“The mural thing within the press has sort of gotten out of control,” says the Brooklyn songwriter, who did spend time in art school and making more meaningful paintings than the much-discussed murals that have made an appearance in numerous music publications. “The murals were not an expressive thing for me. It’s basically like hand-painted wall paper.”
Next, the renaming of his act from Luke Temple to Here We Go Magic, did not signal the start of Temple writing in a group dynamic. Ironically, he says, he has never been more alone in making the eponymous LP release.
“This one was completely me,” Temple says. “I really wasn’t even interested in putting a band together, but when we released it, it started to generate some steam and it’s not really solo performance music, so I put a band together.”
But in the writing states, Temple embraced his isolation to inspire his lyrics, emptying even his head.
“I try to leave my mind as blank as possible. I feel like usually the most interesting images I create, or the most interesting configuration of words is when I’m allowing myself to be empty,” Temple says.
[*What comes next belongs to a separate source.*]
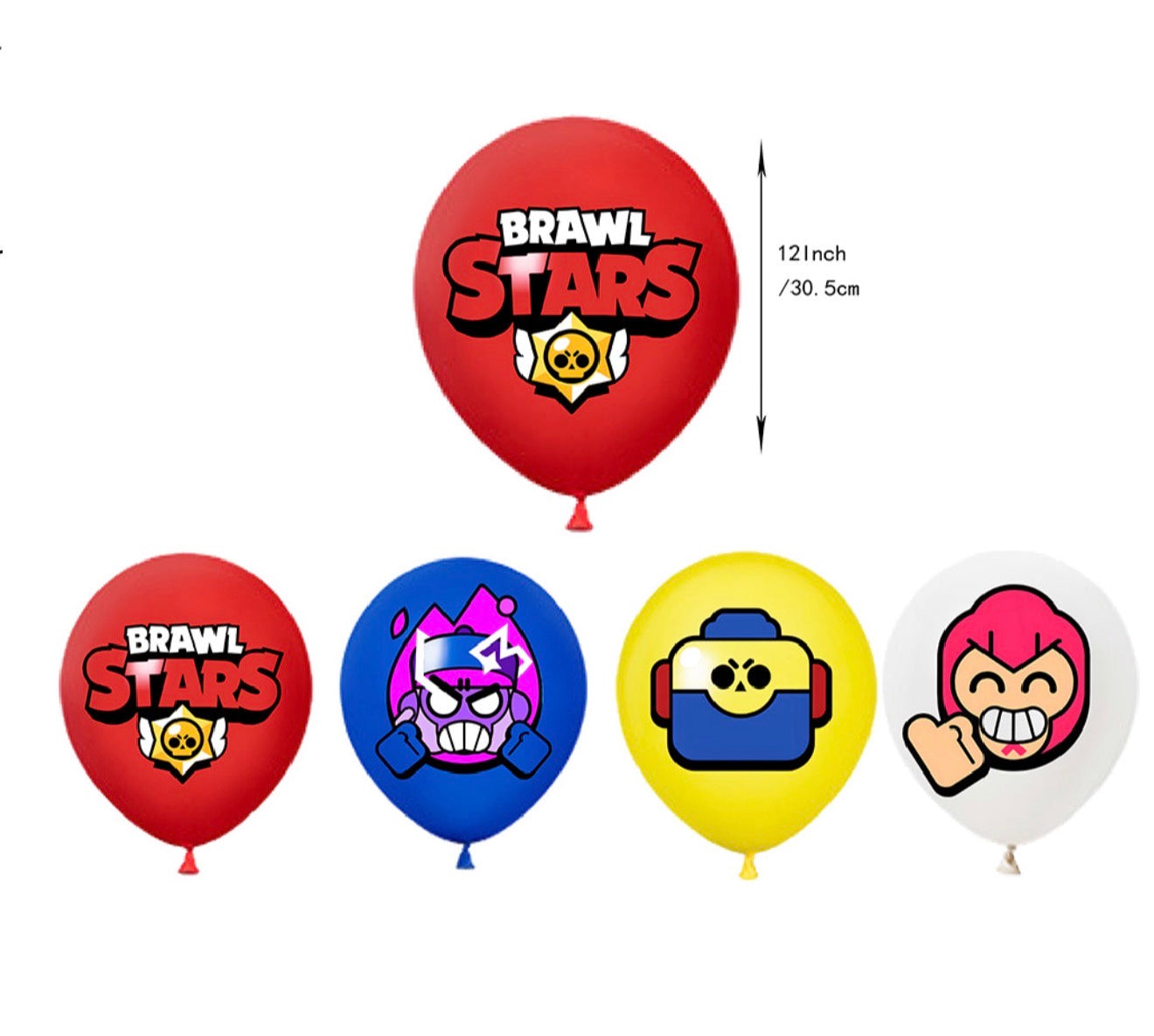 Décorations de fête d’anniversaire Brawl Stars (Style A)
“I just try to tap into something emotional and to me, emotions are more real than any sort of conceptualized thoughts or ideas. Usually I find it has a lot of meaning to me and when I listen to it after I’m finished, I find that I do identify with it, either through a yearning or something or a place I remember or want to be at. I just try to keep it open.”
The openness leaves room for the listener to color Temple’s creation with their own experiences. It’s also part of the reason nearly every review has pegged Temple’s sound as “expansive” and “hypnotic.”
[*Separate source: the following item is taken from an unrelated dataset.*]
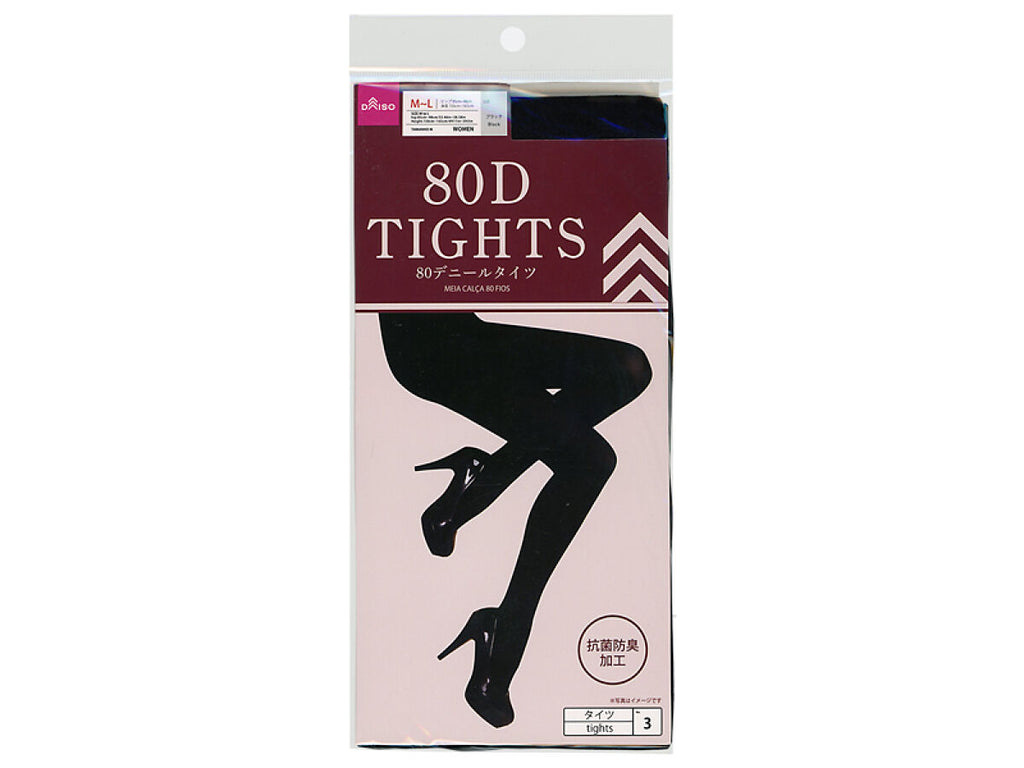 ナイロンタイツ（８０Ｄ） ダイソー(DAISO)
As Temple puts it, his songs build linearly through nuance and detail more than any abrupt changes in tempo or structure.
“I like making music that doesn’t force too much on you and gives you room to let your mind drift where it will. To me that’s the most interesting way to experience art or music,” he says. “On stuff where there’s a lot of instruments and syncopations and you sort of have to hold on for dear life, you sort of have to come to terms with the music on its terms because it’s letting you know that it’s far more complicated than you are. There’s a kind of humility in my music and a kind of simplicity so the listener can feel really integrated into it as an experiential thing.”
Often dressed up with delay and reverberating strings, the repetition of a verse, slightly varied with every iteration, greatly appeals to him … and apparently also to the writers in both Rolling Stone and the New York Times. Two of his celebrated peers, Sufjan Stevens and Death Cab for Cutie’s Ben Gibbard, have also chimed in to applaud Temple’s sweet, high-pitched pipes.
The buzz building around the latest album has been more palpable than in the past, Temple says, and he’s eager to hit the road on a tour that brings him and his touring band to D.C.’s The Red and The Black on March 7.
“I actually feel that when we leave New York there will actually be people at our shows,” Temple says. “Maybe no more than a handful, but that still will be more than I’ve ever experienced outside of New York.”